Id., Ex. J at 2. The USPC disagreed, however, noting "that the instability of [petitioner's] employment record indicates an increased likelihood that [he] will engage in criminal behavior and that continued supervision [was] necessary to monitor [his] compliance." Id., Ex. L (Notice of Action dated September 2, 2011). Petitioner's appeal to the National Appeals Board was unsuccessful. See Fed. Opp'n, Ex. M (Notice of Action on Appeal dated December 12, 2011).

Subsequently, on the realization that it lacked authority to terminate parole supervision of a person sentenced under the UCMJ, the USPC referred to the Naval Clemency and Parole Board ("NC&PB") a supervision report for the period from April 6, 2010 through May 1, 2012, and a motion for early termination of parole supervision submitted by petitioner's counsel. See id., Exs. O-P (respectively, Letter to USPC from John F. Murphy, Federal Defender Program. U.S. District Court for the Northern District of Illinois, dated May 15, 2012 with attachments, and Letter to Michael Pentangelo, Supervision Officer, Northern District of Illinois, from Corey D. Mitchell, Case Analyst, USPC, dated June 19, 2012).

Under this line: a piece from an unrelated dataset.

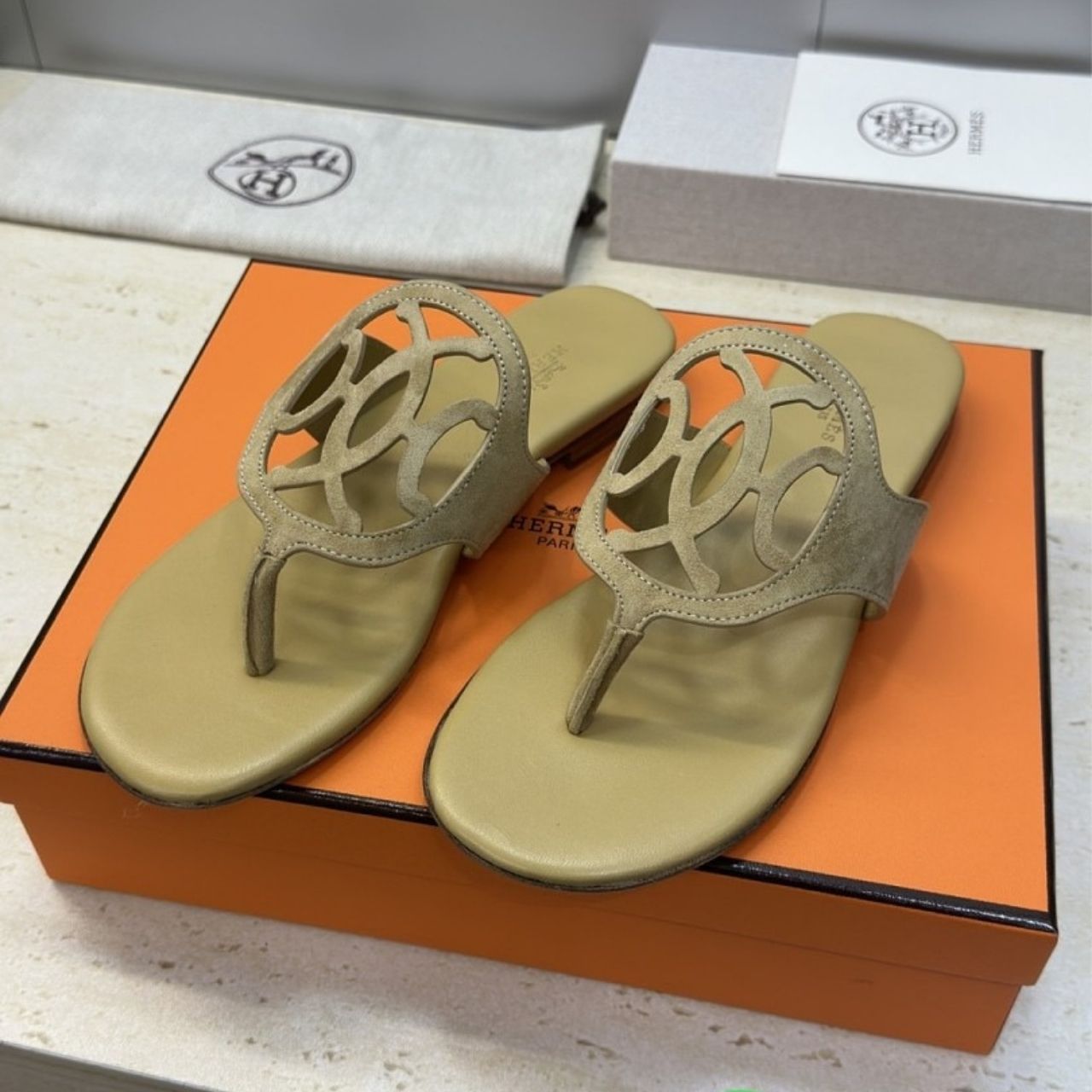 Hermes Mage Sandal Beige Albetre H261115Z - Image 3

Petitioner submitted to the NC&PB requests for clemency in July 2012 and September 2013. Id., Exs. Q & T (respectively, NC&PB Parolee Clemency Request Statements dated July 27, 2012 and September 19, 2013). Notwithstanding petitioner's "satisfactory adjustment to supervision, " stable employment and completion of sex offender treatment in 2010, id., Ex. R (Naval Clemency and Parole Board Supervision Report dated April 7, 2012) at 2, early termination of parole was not recommended due to United States Probation Office policy with respect to sex offenses, id., Ex. R at 1; see id., Exs. U & W (respectively, Naval Clemency and Parole Board Supervision Reports dated September 24, 2013 and January 15, 2014). His parole officer stated:

The first 2-3 years of his period of supervision were somewhat contentious in that he had... a difficult time transitioning to his status as a sex offender and accepting/dealing with the shame that he experienced as a result. This did not translate into specific noncompliance per say [sic], but rather manifested more specifically in his ability to emotionally adjust. It took him some time to obtain legitimate employment. He seemed to want to avoid certain interactions that would require him to face the fact that he is a convicted sex offender and with that[] comes a very negative stigma. He worked on this issue in treatment and came to a broader resolution and acceptance that appears to have allowed him to move forward in accepting responsibility for what this label brings and how he must manage it accordingly. He has been employed steadily..., is a home owner, and appears to remain somewhat active in his community partaking in church sponsored events. He seems to have a stable relationship with his wife.... Although his adjustment to supervision has been without obvious issue for the past 3 years or so, my office restricts me from making a recommendation for early termination based solely on his offense, notwithstanding the notion that he remains compliant with supervision... and appears to be... cooperating with the legal restrictions set forth in his judgment. His adjustment to supervision is satisfactory.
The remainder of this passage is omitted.